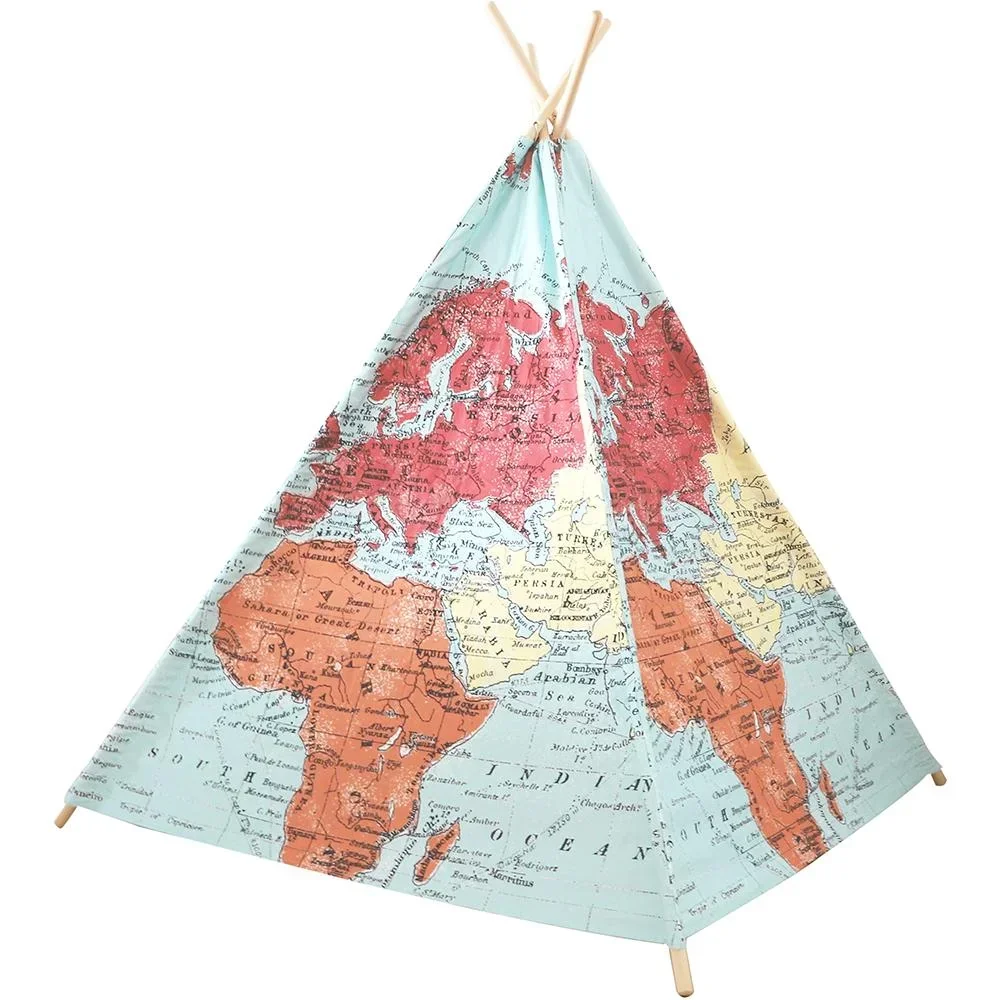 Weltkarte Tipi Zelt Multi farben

☆ ☆ ☆

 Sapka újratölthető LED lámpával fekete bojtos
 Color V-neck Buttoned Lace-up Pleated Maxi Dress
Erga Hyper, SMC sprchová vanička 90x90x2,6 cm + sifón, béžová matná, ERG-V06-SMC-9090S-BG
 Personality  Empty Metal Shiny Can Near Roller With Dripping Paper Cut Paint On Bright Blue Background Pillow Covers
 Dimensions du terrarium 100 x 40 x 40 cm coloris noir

☆ ☆ ☆

--- WHAT THE TASK ASKS ---
What is needed is a verbatim copy of every line in the records above from the one containing "Color V-neck Buttoned" down to the one containing "Dimensions du terrarium", both included, and nothing more.

--- FINISHED TASK ---
 Color V-neck Buttoned Lace-up Pleated Maxi Dress
Erga Hyper, SMC sprchová vanička 90x90x2,6 cm + sifón, béžová matná, ERG-V06-SMC-9090S-BG
 Personality  Empty Metal Shiny Can Near Roller With Dripping Paper Cut Paint On Bright Blue Background Pillow Covers
 Dimensions du terrarium 100 x 40 x 40 cm coloris noir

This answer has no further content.